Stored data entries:
■ ■ ■ ■
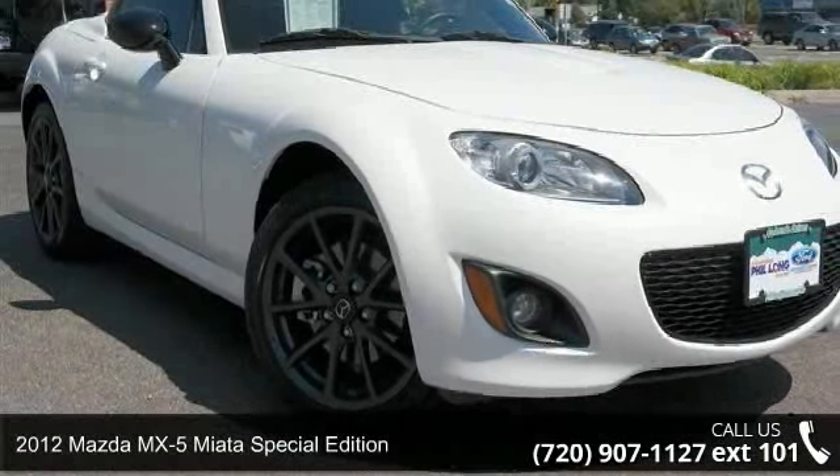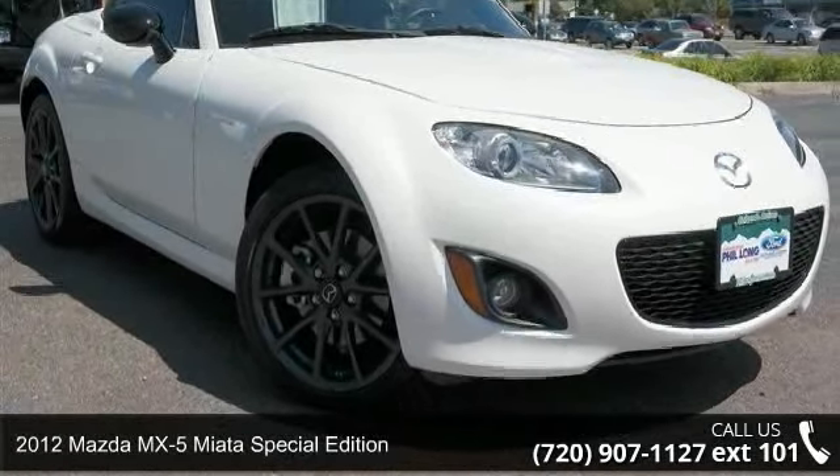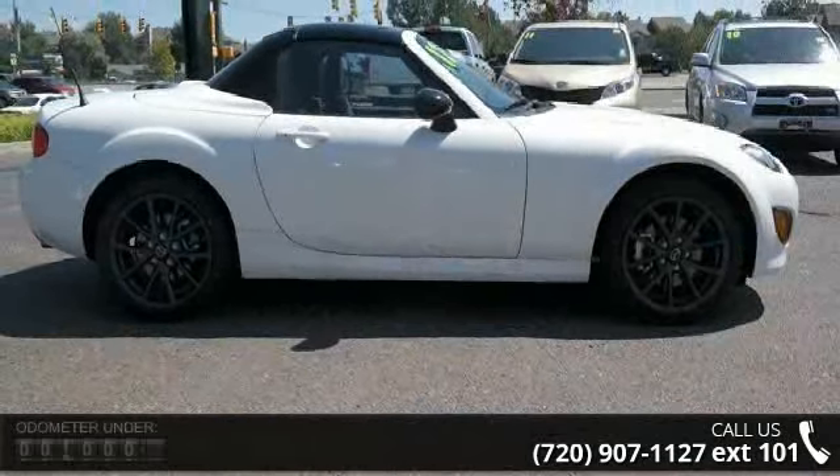Presenting the 2012 Mazda MX-5 Miata. If you are looking for a first-rate auto, this one could be yours today.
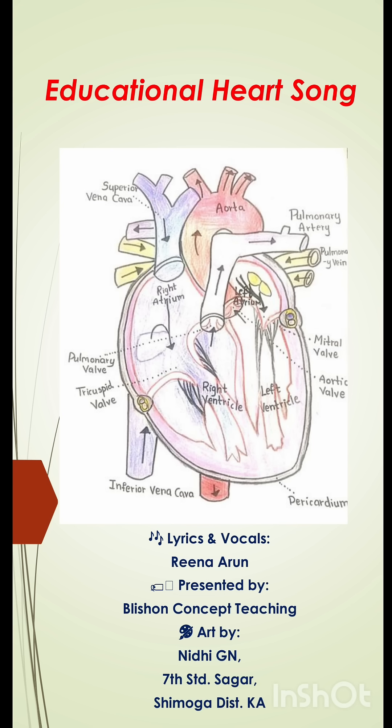These are the 4 chambers of a fist-sized heart. Venacava — Superior, Inferior Venacava. Pulmonary veins and arteries. Aorta are the blood vessels of a beating heart.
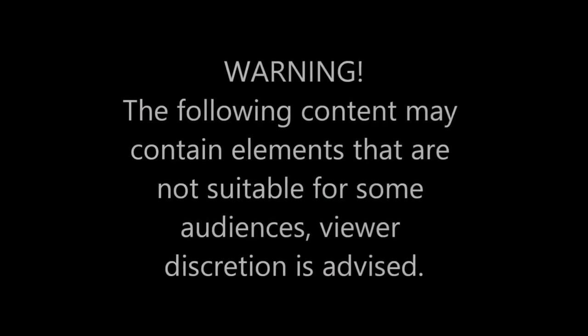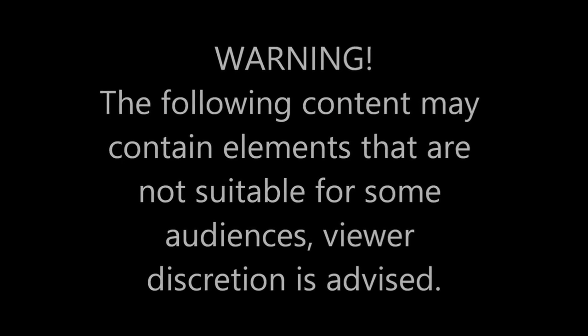Warning, the following content may contain elements that are not suitable for some audiences. Viewer discretion is advised.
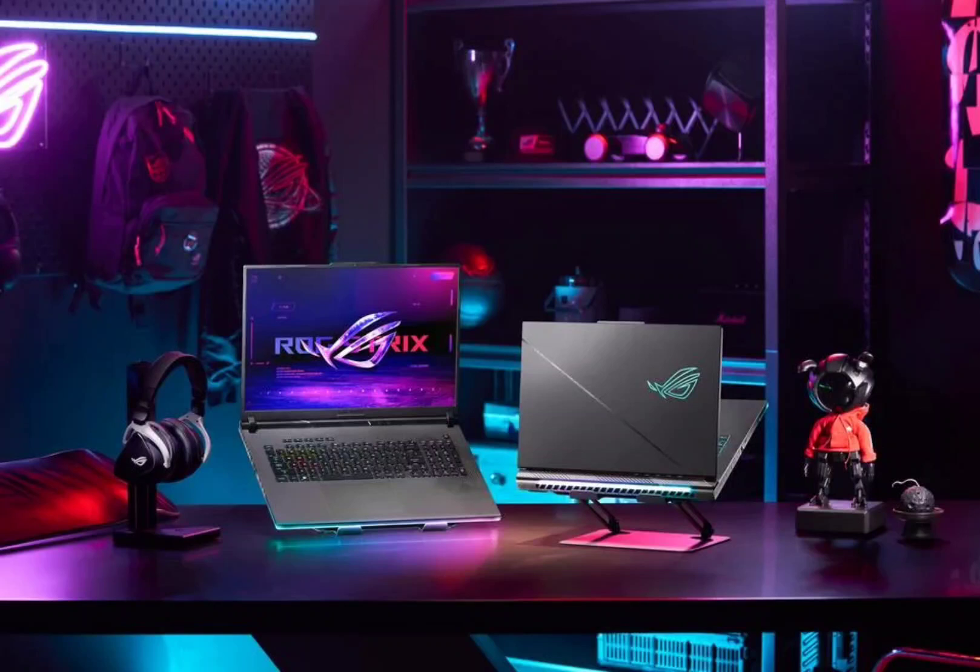ASUS announces ROG Strix Scar G16, G18 and Strix G16, G18 laptops with Core i9. ASUS's Republic of Gamers, ROG, has expanded its gaming laptop lineup at CES 2024 with the launch of the 2024 versions of Strix Scar 18, Strix Scar 16, Strix G18, and Strix G16 models.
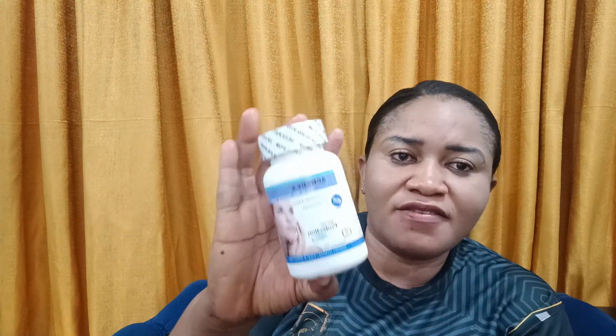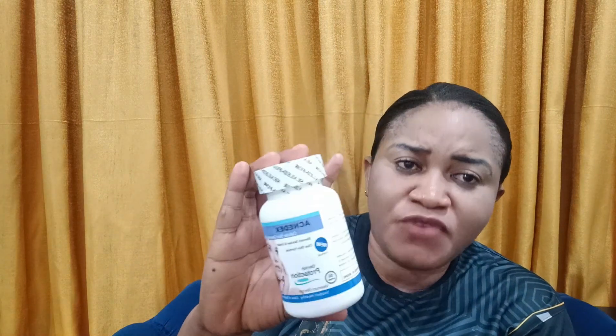Another supplement that's proven to be effective for the treatment of acne is Acindex. Acindex has proven to be effective for acne treatment and it's very affordable compared to other supplements. Its main ingredient is also isotretinol.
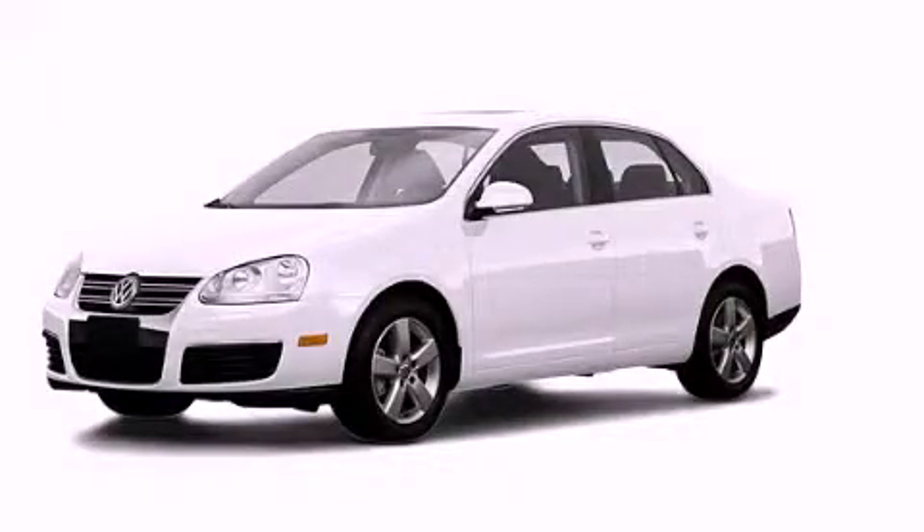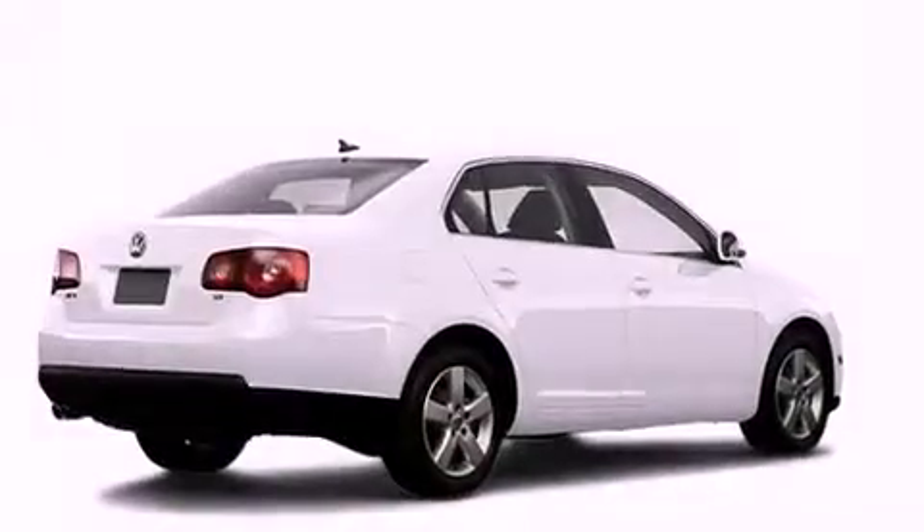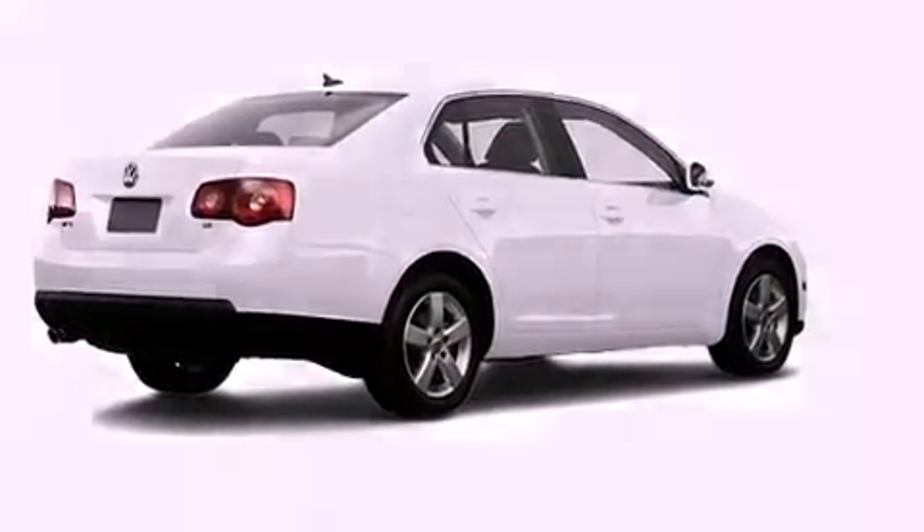This is a 2009 Volkswagen Jetta. All of the following features are included: a power sunroof and heated seats.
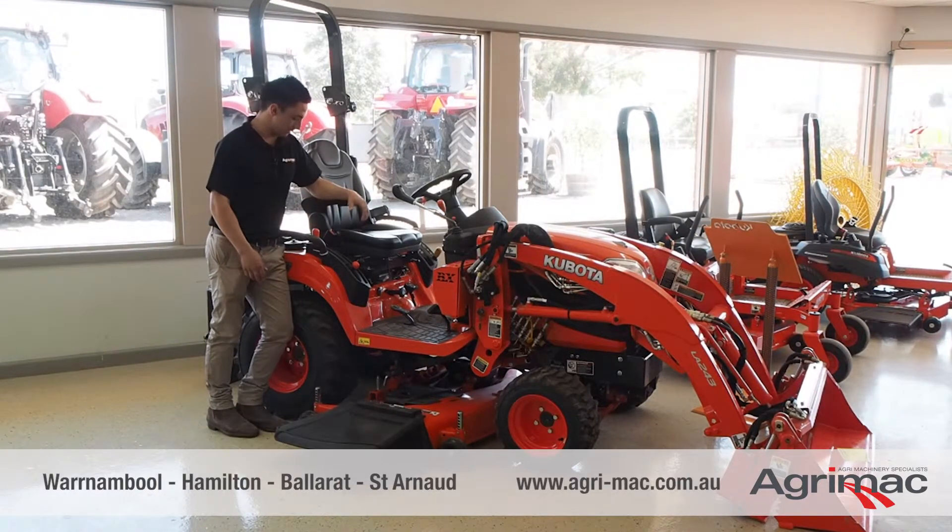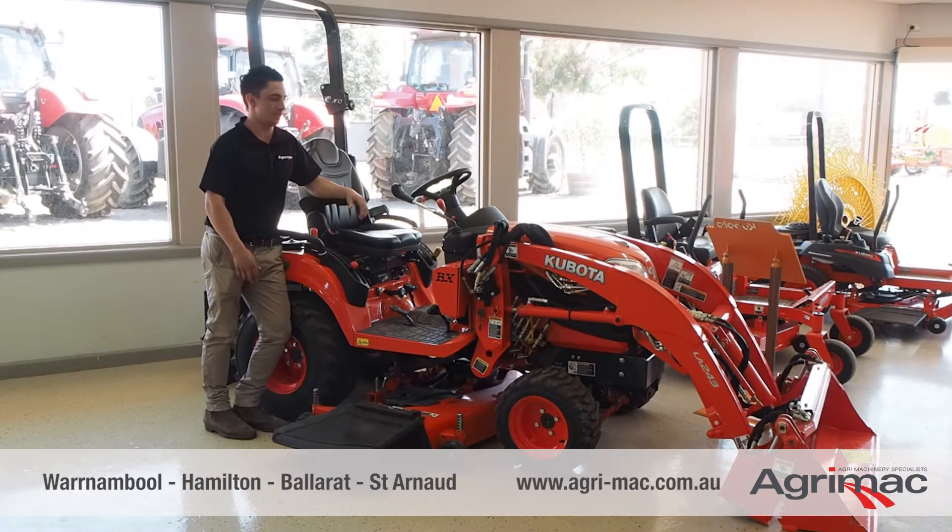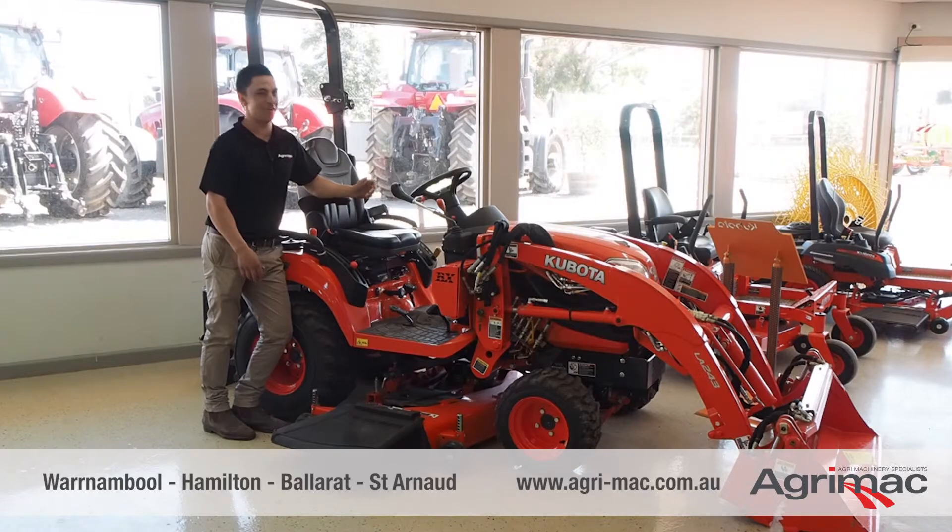Very solid, very easy to use, hydrostatic drive, four-wheel drive and lock diff. If you'd like to have a look at one, come into AgriMac in Warrnambool.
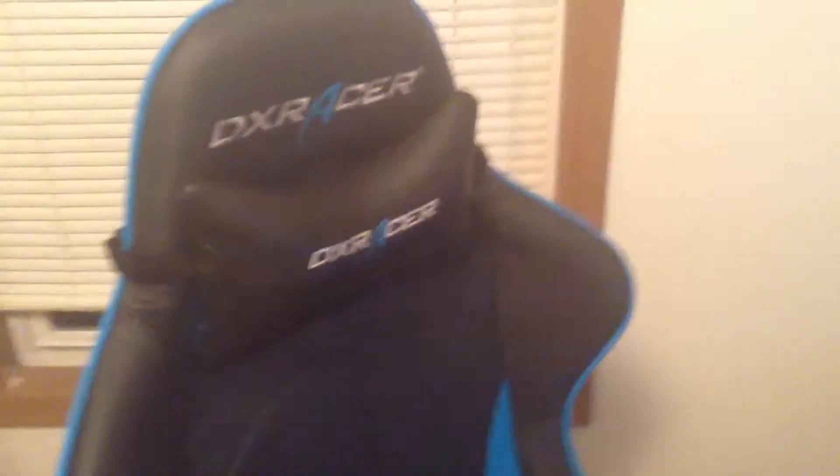This is my chair — it's the DXR Racer chair I got for Christmas. And that's my 32-inch TV that I got — I play console, like PS4, on it, but I don't really play PS4 that much.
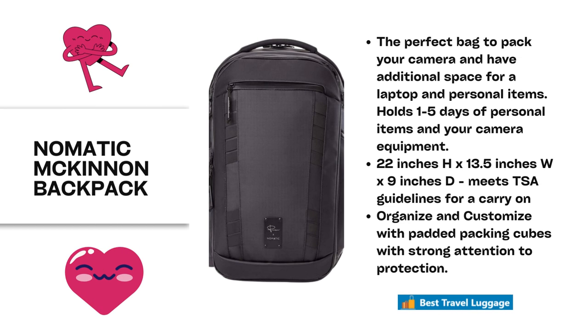The first bag, as you can see with the little pink hearts, is my favorite bag. It is perfect — it's a Nomadic McKinnon backpack, perfect for your camera and additional space. It would be great if you're going on a professional photo shoot. It holds one to five personal items and your camera equipment. It is 22 by 13.5 by 9, so it does meet TSA approval. It's organized and customized with padded packing cubes with a lot of attention to protection.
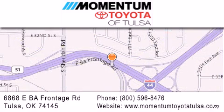Our main objective is to make your experience at our dealership a satisfying one, whether it's for sales, service, or parts.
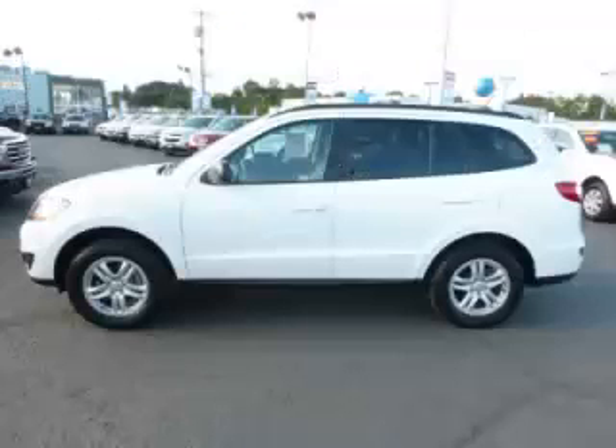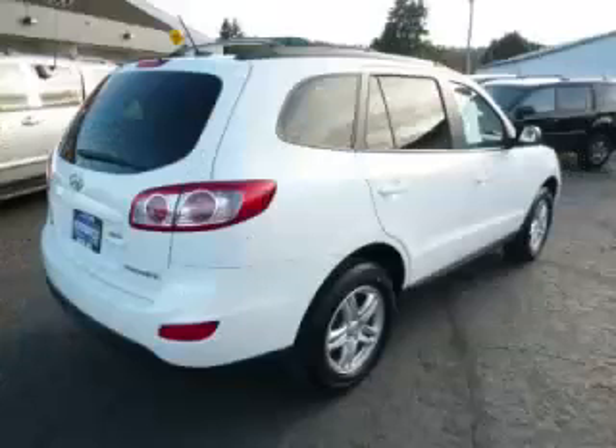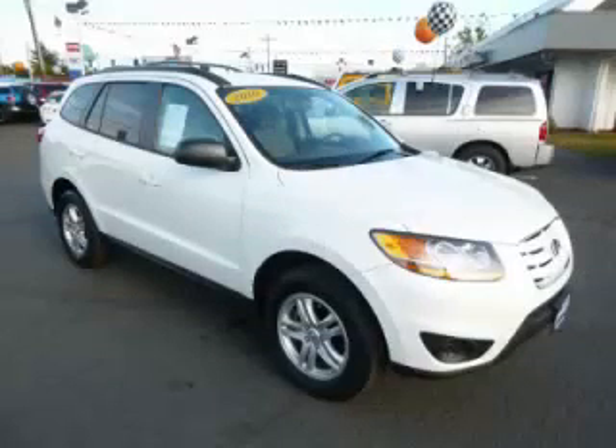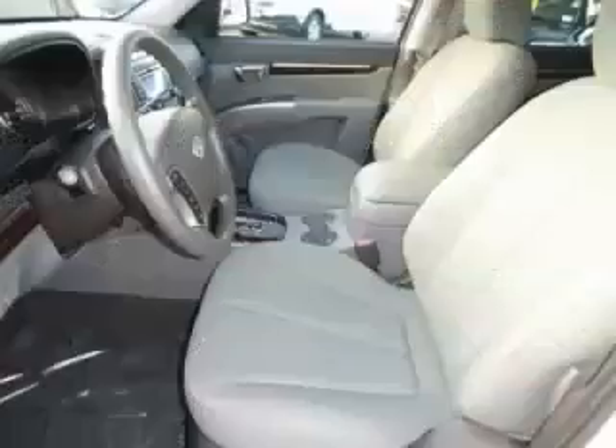This is a 2010 Hyundai Santa Fe with fewer than 22,000 miles. This Hyundai stands out with top-tier comfort and convenience equipment and reliability in the 2.4L L4 engine. Top features include wood trim, anti-lock brakes, fold-down rear seat, alloy wheels, and roof rack.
■ ■ ■ ■
# [PROBLEM]
Once the line with "The first bag, as" has been found above, output that line and every later line exactly, stopping after the line with "Our main objective", and omit the pictures.

# [WRITTEN RESPONSE]
The first bag, as you can see with the little pink hearts, is my favorite bag. It is perfect — it's a Nomadic McKinnon backpack, perfect for your camera and additional space. It would be great if you're going on a professional photo shoot. It holds one to five personal items and your camera equipment. It is 22 by 13.5 by 9, so it does meet TSA approval. It's organized and customized with padded packing cubes with a lot of attention to protection.
Our main objective is to make your experience at our dealership a satisfying one, whether it's for sales, service, or parts.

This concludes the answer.